Formal Advisory Opinion No. 88-3
Ethics & Discipline / Advisory Opinions / Formal Advisory Opinions / Formal Advisory Opinion No. 88-3
State Bar of Georgia
Issued by the Supreme Court of Georgia
On November 29, 1988
Formal Advisory Opinion No. 88-3
For references to Standard of Conduct 48, please see Rule 4.3(a) and (b).
For references to Standard of Conduct 47, please see Rule 4.2(a).
For an explanation regarding the addition of headnotes to the opinion, click here.
Ethical Propriety of Sending Notice Pursuant to O.C.G.A. § 51-12-14 to an Unrepresented Party.
It is ethically permissible to send the notice required by O.C.G.A. § 51-12-14 to an unrepresented party. An attorney sending the required notice, however, must do so in such a manner as to inform the unrepresented opposing party that the notice is sent merely to establish a claim for interest, that it is not to be construed as legal advice, and that the attorney sending the notice represents the opposing interests in the dispute.
Correspondent asks if it is a violation of Standard 48 of the Rules and Regulations of the State Bar of Georgia for correspondent to comply with the notice requirement of O.C.G.A. § 51-12-14 by sending a demand notice to an unrepresented party. That statute requires that written notice of the demand for unliquidated damages be sent to the person "against whom the claim is made" in order to entitle the claimant to receive twelve (12) percent interest on judgments in excess of unliquidated damages.1
Standard 48 provides:
During the course of his representation of a client a lawyer shall not give advice to a person who is not represented by a lawyer, other than the advice to secure counsel, if the interests of such person are or have a reasonable possibility of being in conflict with the interests of his client.

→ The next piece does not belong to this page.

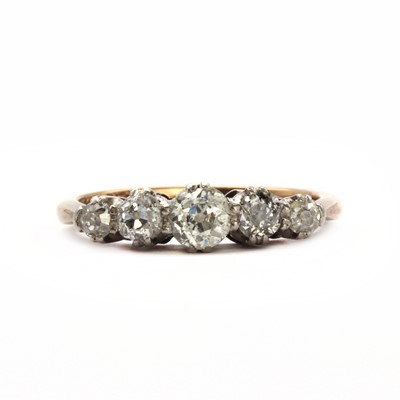 Lot 40 - A five stone diamond ring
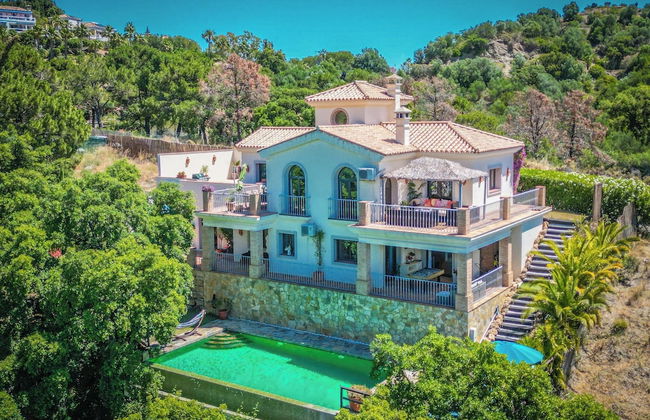 Luxury Villa - Sleeps up to 8 & Infinity Pool - Foto 1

In interpreting Standard 48, Formal Opinion No. 86-4 (86-R7), concluded that it was ethically improper for a plaintiff's attorney to send a letter directly to an insured defendant which would notify the defendant about the potential liability of his or her insurer for failure to settle within policy limits. The letter would be considered "legal advice" in that plaintiff's attorney impliedly would be advising settlement within policy limits. Accord, ABA Informal Opinion 734 (June 16, 1964). The Opinion correctly focused upon the policy behind Standard 48 which is to avoid creating in an unrepresented party a false impression that the attorney is advising inaccordance with the unrepresented party's interests or is neutral in the dispute. The present situation is distinguishable. Where an attorney sends a formal notice which is required by law, there is much less concern that a false impression will be created.

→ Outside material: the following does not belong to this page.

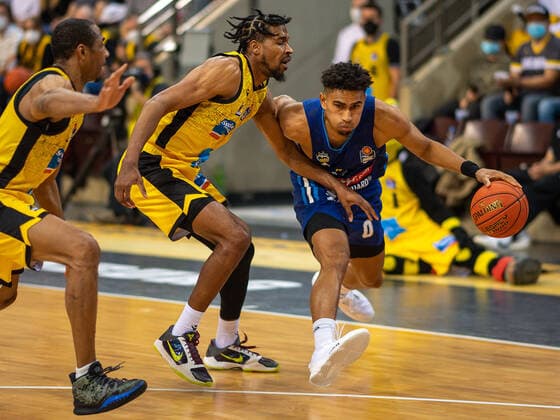 Justin Simon MHP Riesen Ludwigsburg, 05 , Maodo Lo Alba Berlin, 00 , MHP Riesen vs Alba Berlin, Basketball, Bundesliga, easyCredit BBL, 3 Spieltag, Spielzeit 2021 2022, 10 10 2021, MHP Riesen vs Alba Berlin, Basketball, Bundesliga, easyCredit BBL, 3 Spieltag, Spielzeit 2021 2022, 10 10 2021 Ludwigsburg Copyright: xEibner-Pressefoto SaschaxWaltherx EP_swa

It is ethically permissible to send the notice required by O.C.G.A. § 51-12-14, stating specifically that it is a notice rather than advice. An attorney sending the required notice, however, must do so in such a manner as to inform the unrepresented opposing party that the notice is sent merely to establish a claim for interest, that it is not to be construed as legal advice, that the recipient may seek his independent legal advice and that the attorney sending the notice represents the opposing interests in the dispute.2
1 The full text of O.C.G.A.§ 51-12-14 is as follows:
"Procedure for demand of unliquidated damages in tort actions; when interest may be recovered.
(a) Where a claimant has given written notice by registered or certified mail to a person against whom claim is made for unliquidated damages in a tort action and the person against whom such claim is made fails to pay such amount within 30 days from the mailing of the notice, the claimant shall be entitled to receive interest on the claimed sum if, upon trial of the case in which the claim is made, the judgment is for an amount not less than the sum claimed.

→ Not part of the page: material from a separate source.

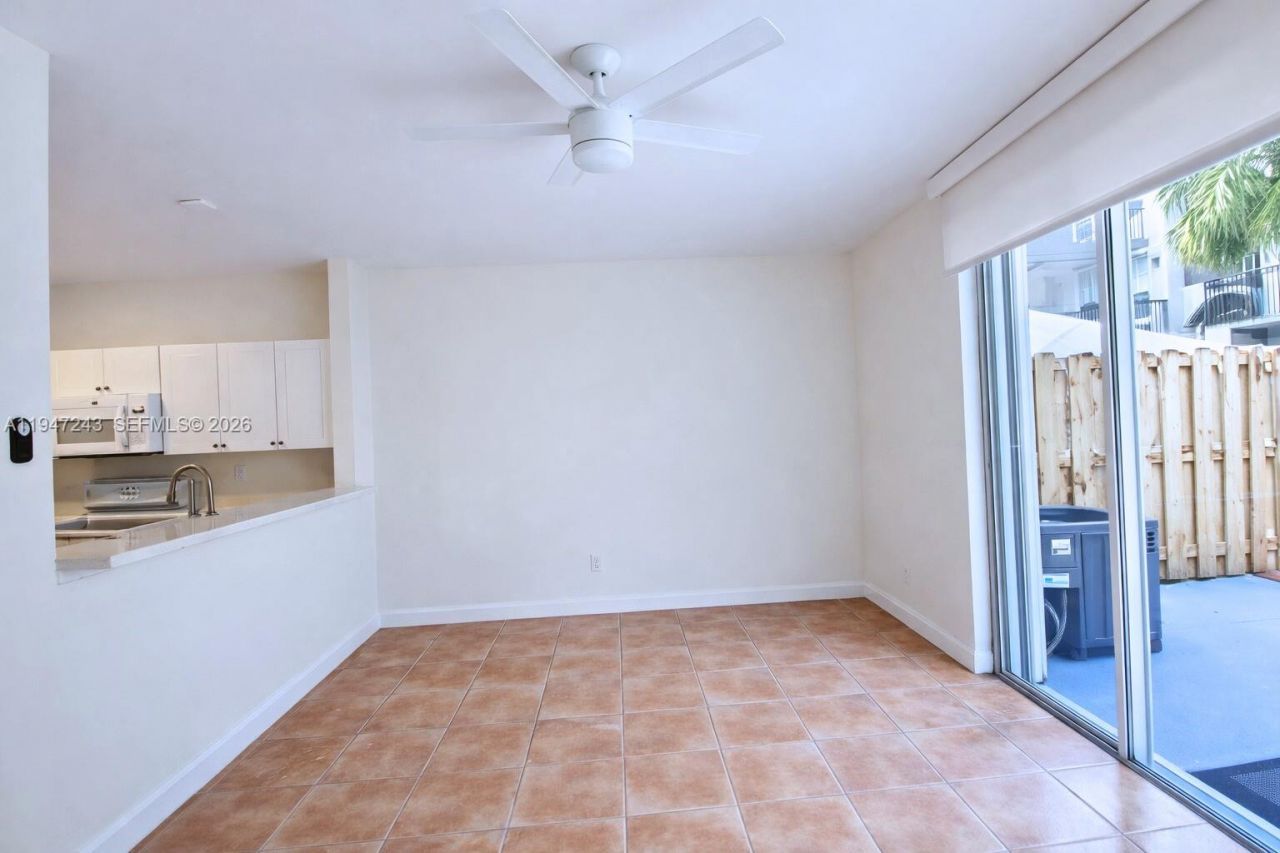 3914 SW 157th Ave, Unit 227, Miramar, FL 33027 Photo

(b) The written notice referred to in subsection (a) of this Code section may be given on only one occasion and shall specify that it is being given pursuant to this Code section.
(c) The interest provided for by this Code section shall be at the rate of 12 percent per annum and shall begin to run from the thirtieth day following the date of the mailing of the written notice until the date of judgment.
(d) Evidence or discussion of interest on liquidated damages, as well as evidence of the offer, shall not be submitted to the jury. Interest shall be made a part of the judgment upon presentation of evidence to the satisfaction of the court that this Code section has been complied with and that the verdict of the jury or the award by the judge trying the case without a jury is equal to or exceeds the amount claimed in the notice.
(e) This Code section shall be known and may be cited as the "Unliquidated Damages Interest Act." (Ga. L. 1968, p. 1156, § 1, Ga. L. 1975, p. 395, § 1; Ga. L. 1981, p. 681, § 1.)"
2 If the adverse party isrepresented, the statutory notice need not contain the disclaimers here described, but must be sent to the adverse party's attorney rather than the party. Standard 47.